In the entries that follow, the lines from the one with "Danbury Apartment |" through the one with "南昌购车风波不断，豪车租赁者" are the ones to write out, exactly and with both ends included. Nothing else should appear.

[Given records — start]

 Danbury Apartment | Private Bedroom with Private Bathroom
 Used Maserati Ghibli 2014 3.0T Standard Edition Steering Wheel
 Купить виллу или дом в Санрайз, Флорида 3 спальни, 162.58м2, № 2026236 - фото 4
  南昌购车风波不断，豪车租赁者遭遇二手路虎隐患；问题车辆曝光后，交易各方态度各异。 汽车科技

[Given records — finish]
[Given records — start]

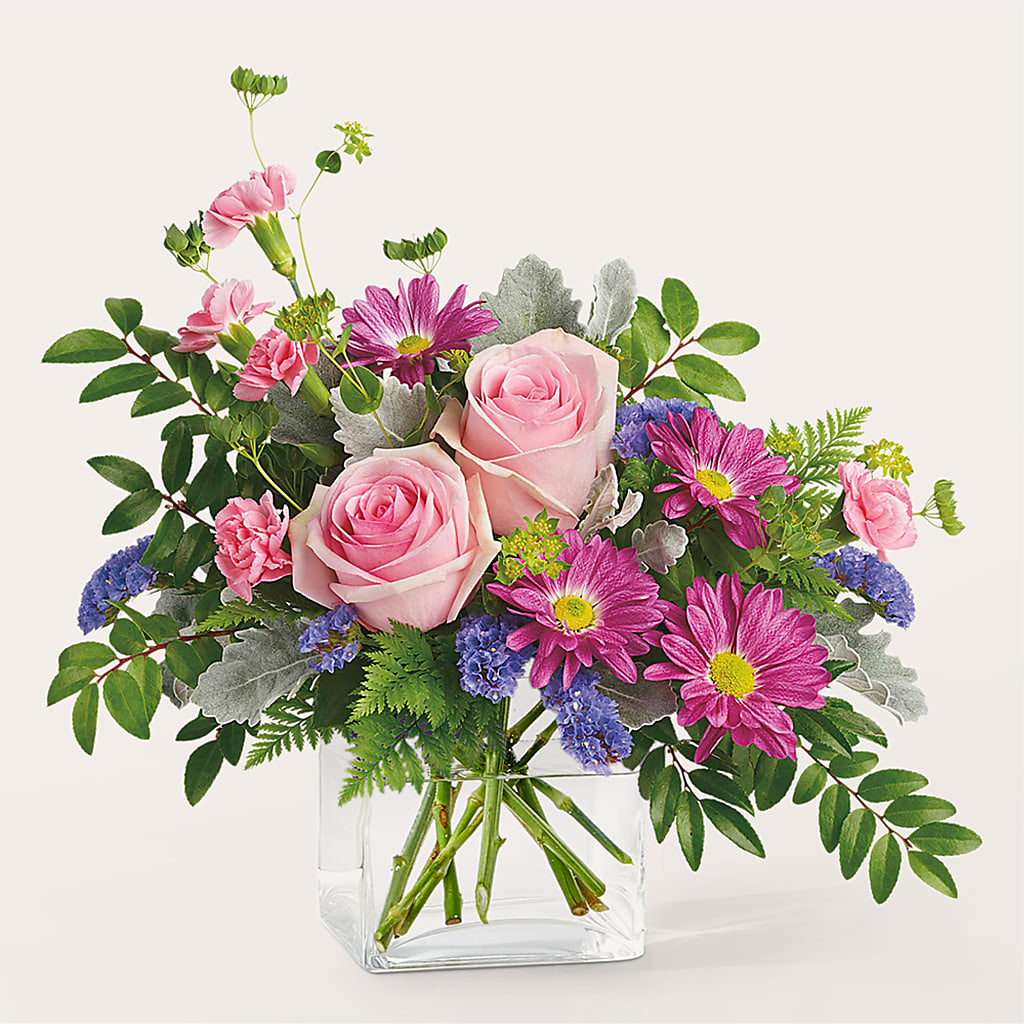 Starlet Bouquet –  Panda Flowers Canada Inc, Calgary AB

[Given records — finish]
[Given records — start]

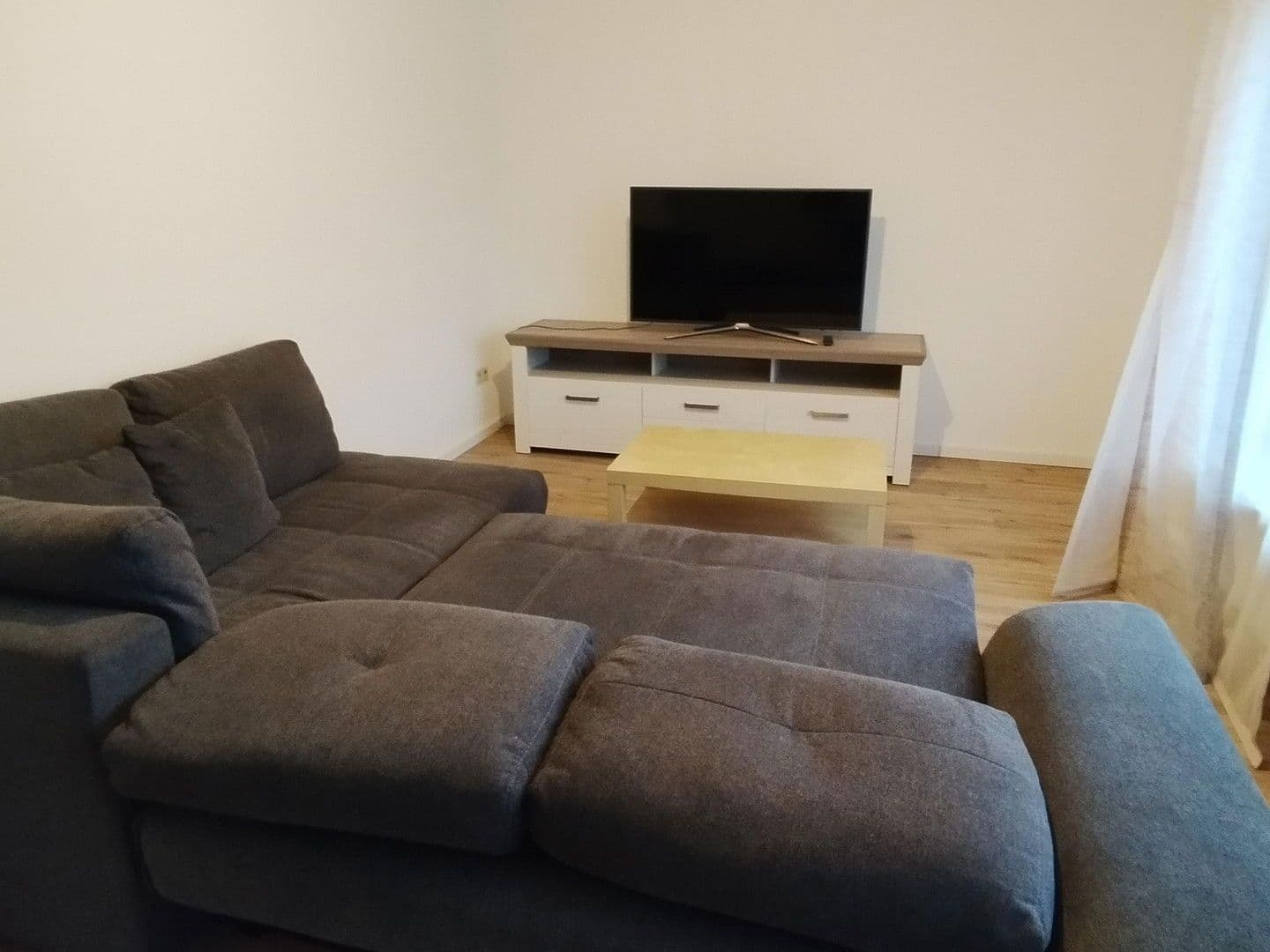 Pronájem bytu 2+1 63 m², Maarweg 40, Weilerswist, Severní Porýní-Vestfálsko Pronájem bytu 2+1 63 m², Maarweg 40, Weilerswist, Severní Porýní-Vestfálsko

[Given records — finish]

• **Your solution**
 Danbury Apartment | Private Bedroom with Private Bathroom
 Used Maserati Ghibli 2014 3.0T Standard Edition Steering Wheel
 Купить виллу или дом в Санрайз, Флорида 3 спальни, 162.58м2, № 2026236 - фото 4
  南昌购车风波不断，豪车租赁者遭遇二手路虎隐患；问题车辆曝光后，交易各方态度各异。 汽车科技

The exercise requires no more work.